Our client, a well-known enterprise financial services organization, is looking for a Senior Site Reliability to join their team. It is important that your most recent experience has been focused on core SRE skills like observability, monitoring, reiliability, availability, etc.
Requirements:
Experience with SRE design to address reliability and resiliency with availability of 5-9s
Experience in working in a cloud environment (OCP and AWS EMR).
Experience with application monitoring tools, observability, and performance assessments.
Strong experience with CI/CD pipelines (Jenkins or similar; Git/GitHub)
High level of familiarity with the Linux command line and scripting
Proven skills in high availability and scalability design, as well as performance monitoring and testing
Experience developing automation solutions in Java, bash, Python, Perl (or other similar languages)
Extremely comfortable with production environments, firewalls, and networking
Studied architectural patterns at scale, including thoughtfully designed APIs, repeatable delivery pipelines, and efficient computer engineering principles.
Experience as part of an Agile engineering or development team
Strong experience in deploying, observing, altering, logging, and monitoring systems (Splunk, Datadog) with a mindset towards predictive analysis.
Working knowledge of Ansible and Terraform.
Responsibilities
Analyze, design, code, test, and deploy new user stories and product features with high quality (security, reliability, operations) to production. Understands the software development lifecycle and leverages critical thinking skills to properly evaluate features and functionality.
Guide early-career engineers by providing learning tasks as well as work related tasks, directs the work of emerging talent, and helps them continue to grow in their technical skillset through mentorship.
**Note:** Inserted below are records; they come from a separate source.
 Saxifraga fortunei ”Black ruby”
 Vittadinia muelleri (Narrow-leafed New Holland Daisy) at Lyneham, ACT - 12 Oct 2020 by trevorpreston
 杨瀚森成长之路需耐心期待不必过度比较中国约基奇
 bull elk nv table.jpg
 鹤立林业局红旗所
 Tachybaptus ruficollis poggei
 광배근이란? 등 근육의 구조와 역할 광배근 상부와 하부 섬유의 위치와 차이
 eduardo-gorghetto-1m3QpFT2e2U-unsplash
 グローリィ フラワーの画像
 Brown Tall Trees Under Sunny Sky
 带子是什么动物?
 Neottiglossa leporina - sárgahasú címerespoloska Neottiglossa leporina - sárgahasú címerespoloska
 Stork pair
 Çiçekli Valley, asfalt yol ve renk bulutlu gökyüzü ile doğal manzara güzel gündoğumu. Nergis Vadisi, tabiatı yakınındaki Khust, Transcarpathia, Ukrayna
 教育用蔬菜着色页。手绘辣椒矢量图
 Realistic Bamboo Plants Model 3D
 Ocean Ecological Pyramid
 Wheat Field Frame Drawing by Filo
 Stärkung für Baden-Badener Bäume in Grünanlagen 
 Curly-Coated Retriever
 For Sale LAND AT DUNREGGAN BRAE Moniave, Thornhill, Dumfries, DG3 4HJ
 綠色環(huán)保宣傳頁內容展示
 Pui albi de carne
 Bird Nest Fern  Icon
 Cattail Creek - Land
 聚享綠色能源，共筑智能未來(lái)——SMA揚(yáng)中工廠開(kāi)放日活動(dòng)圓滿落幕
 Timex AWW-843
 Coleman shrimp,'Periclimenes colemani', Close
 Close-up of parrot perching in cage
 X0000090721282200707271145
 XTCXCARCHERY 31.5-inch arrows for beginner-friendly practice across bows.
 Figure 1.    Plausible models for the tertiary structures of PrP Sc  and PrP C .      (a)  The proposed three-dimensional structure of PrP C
Oversee application, system, and architecture design decisions and guides team to achieve key results for products assigned to them.
Remediate issues using engineering principles and creates proactive design solutions for potential failures to ensure high reliability of technical solutions.
Achieve team commitments (and influence others to do the same) through collaboration with other engineers, architects, product owners and data scientists.
Contribute to and leads technology communities in areas of design-thinking, tools/technology, agile software development, security, architecture and/or data.
Create and enforce IT standards within the system/application infrastructure and compatibility with the architecture of the platform.